I have been an admirer and follower of Toumani Diabate for many years since first hearing Mande variations.I am most concerned to have missed this latest tour (World Circuit why was it not circulated widely? - I thought I was on your mailing list?) I have been disappointed by the two occasions I have heard him live - at the Hay festival in 2010 and with Afrocubism at the Albert Hall in 2011. I understand and appreciate his interest to participate in different musical styles. He has on both live occasions stated his objective of developing culture. He shows by his collaborations a desire to integrate aspects of his culture and Malian musical tradition with other world music. It is brave, does not always work but when it does, makes a contribution that is of the greatest order to his objective. However this man is special for his ability to play the Kora. I want to hear his huge talent without the drowning of over amplification nor flattened by rythms unsympathetic to the Kora. The direction needs to be classical not pop; acoustic not electric; the virtuoso and his instrument. A classical Malian court performance set in surroundings that do justice to the marvellous sound he makes is not too much to ask? A chamber performance in collaborations with great virtuosos of western instruments?

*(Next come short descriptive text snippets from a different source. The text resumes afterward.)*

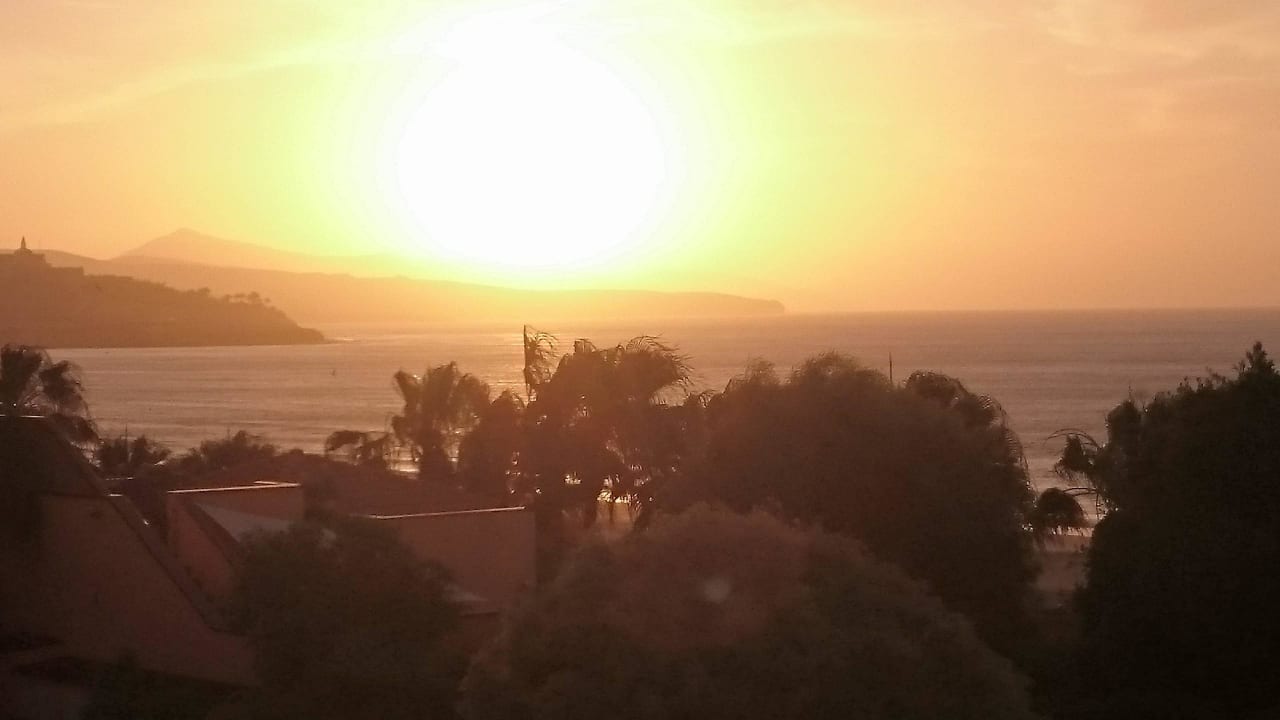 Sonnenaufgang von Terrasse Bungalows Ultra Uno Calle Caleta Mansa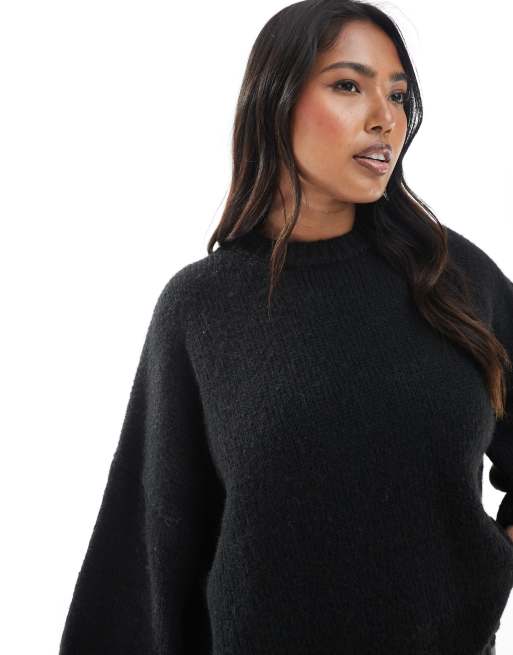ASOS DESIGN Curve oversized crew neck jumper with curved hem in black, 2 of 4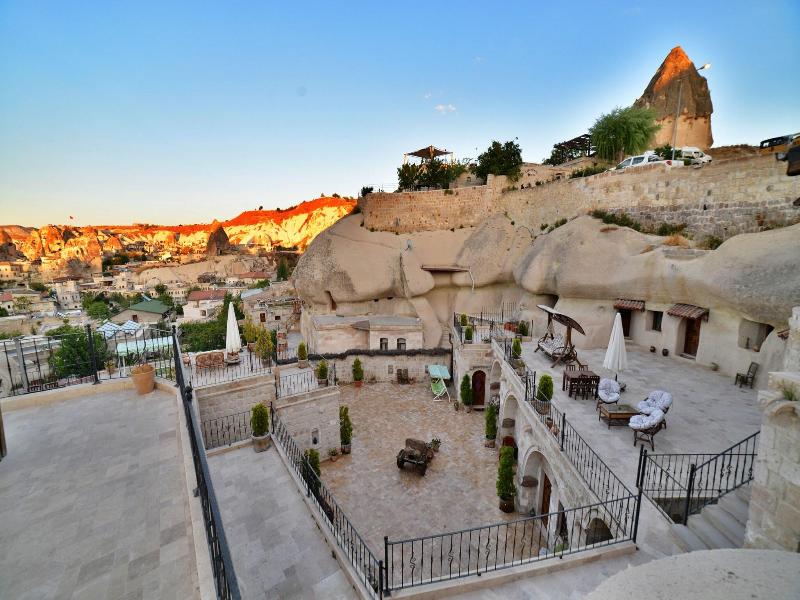 Grand Cave Suites image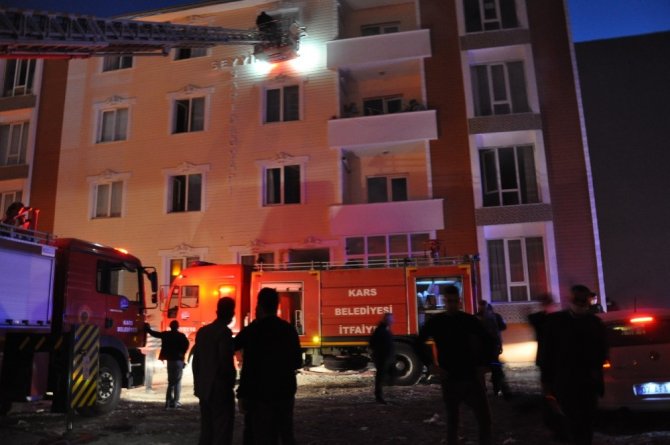 Kars’ta 4 katlı binada çıkan yangın korkuttu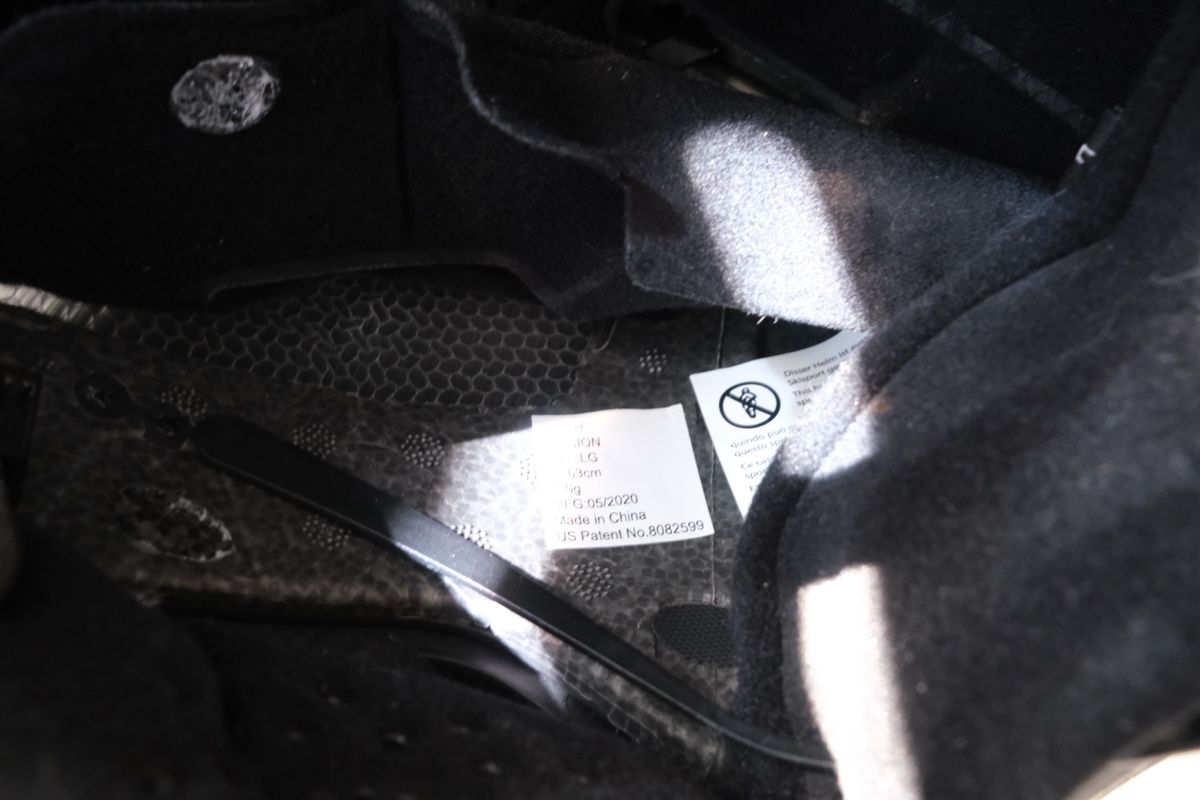 Smith Optic Helme: Ski Helm Marke Smith mit Skibrillen – Gebraucht aus Walchwil von QLD 3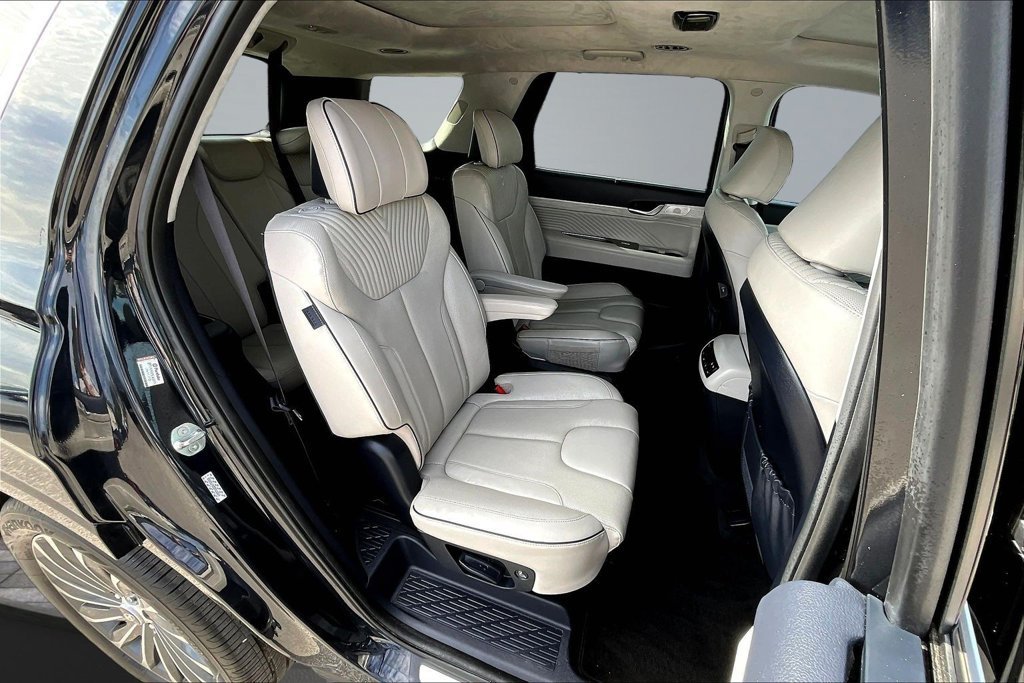 Used 2024 Hyundai Palisade Calligraphy FWD image 25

Dear Nick Well said! I imagine we are at a point in the "going global" story of Malian (and other African) music where we need to look again at what this music is. We seem to be running on the initial explosion of African-music-as-a-new-party-music and WOMAD type post-rock "world music" experiences. While it is always possible to fit another culture's music into the structures of the West (as has been done with the "blues" of Ali Farka Toure), it is important to remember that the original music creates its own context and in doing so creates its own vital message. Toumani's first recording, Kaira, recording over 20 years ago is a fine example of a music which moves the body and the mind and yet remains as subtle as the finest chamber music. I have had the privilege of adapting these awe inspiring compositions for solo guitar and have been constantly astounded at a range of compositional development that I have seen only in great musicians such as Bach or Scarlatti. It is possible that we could also revise our retelling of the Malian story and suggest that we see it through the lens of the western classical canon, or at least hear it presented and recorded with the kind of sound quality we would hear from Rubenstein or Yo-Yo Ma, in a space which does justice to an instrument with all the grace and profundity of any existing concert instrument. Perhaps in this way we could start to see that the music of the kora is a phenomenon of its own. It is not a new form of dance music, not a new form of jazz or even classical music. It is capable of delivering a profound and moving musical experience and should be given the perfect space to do this. I agree too that Toumani's message is his solo work and I feel that his output to date has not been allowed to develop this message in ways that were promised by that marvelous recording 20 years ago. We don't need another improvising axe-man - we need another profound composer and performer like the 20 year-old kora master that delivered a performance of some of Mali's greatest compositions which to this day should stand as one of the high points of instrumental music anywhere in the world (and seems to be destined to be appreciated only in obscure kora and African music collections). PLEASE enough Afro-Cuba - Let us hear the great music of the griots in its full power!